Stored data entries:
━━━━

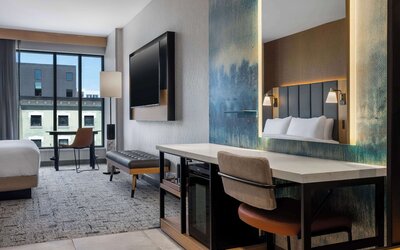 Tempo By Hilton Louisville Downtown Nulu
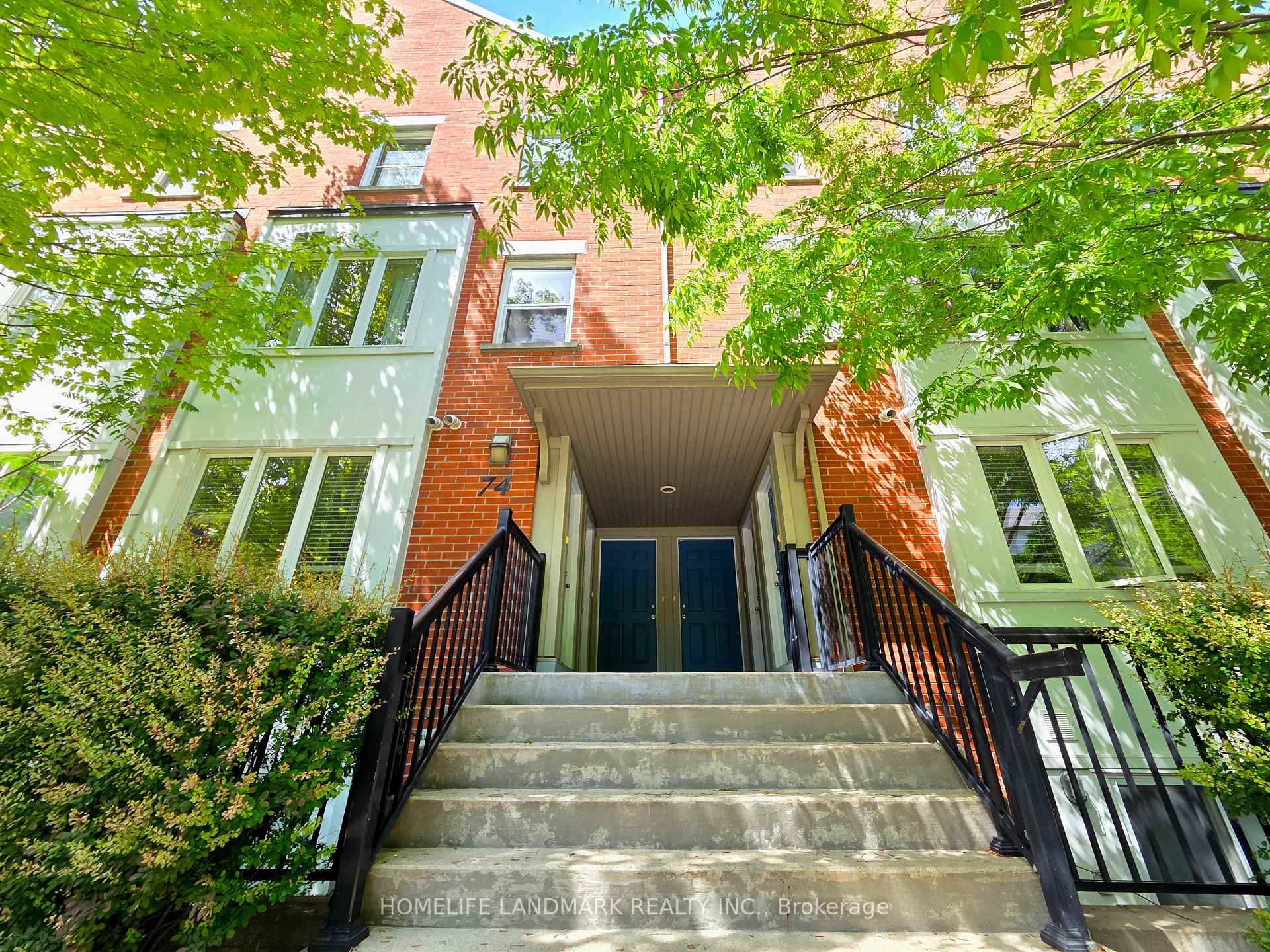 74 Munro Street 2, Toronto E01, ON M4M 2S9 — Toronto E01, Ontario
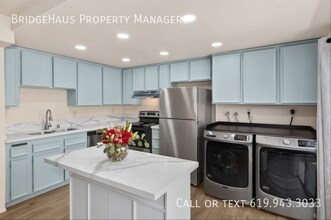 7831 Rancho Fanita Dr in Santee, CA - Building Photo - Building Photo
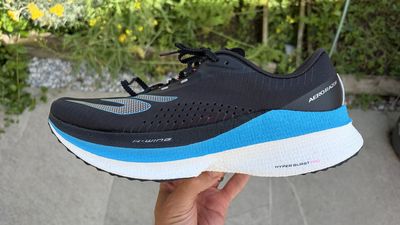 I ran 35 miles in the Skechers Aero Razor, and it’s a surprise hit, perfect for runners who love lightweight shoes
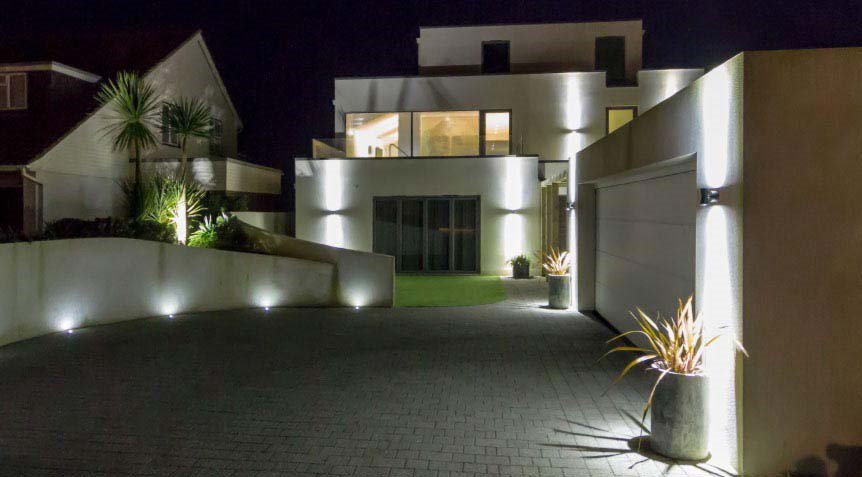 sta_lighting's tweet photo. A number lighting were used for this premises by Collingwood .
1) Wall Lights
2) Spike Lights 
3) Ground Lights. 
To find out more about the products used just message or call us on 01753 336455, and we can see what we could do for your own property. 
#STAGroup #STALighting https://t.co/v1sUZDDTVd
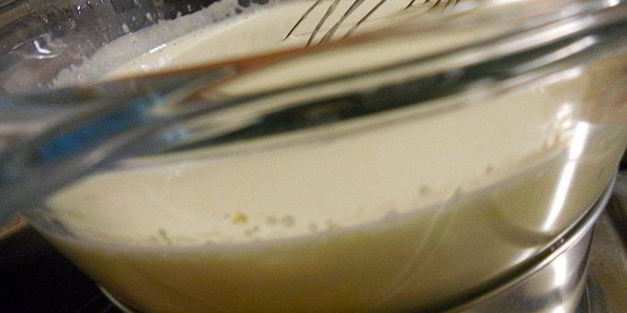 мороженое с клубникой, базиликом и лимонной карамелью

━━━━

The records above must be output exactly, except for their pictures.

• **ANSWER TO THIS TASK**
 Tempo By Hilton Louisville Downtown Nulu
 74 Munro Street 2, Toronto E01, ON M4M 2S9 — Toronto E01, Ontario
 7831 Rancho Fanita Dr in Santee, CA - Building Photo - Building Photo
 I ran 35 miles in the Skechers Aero Razor, and it’s a surprise hit, perfect for runners who love lightweight shoes
 sta_lighting's tweet photo. A number lighting were used for this premises by Collingwood .
1) Wall Lights
2) Spike Lights 
3) Ground Lights. 
To find out more about the products used just message or call us on 01753 336455, and we can see what we could do for your own property. 
#STAGroup #STALighting https://t.co/v1sUZDDTVd
 мороженое с клубникой, базиликом и лимонной карамелью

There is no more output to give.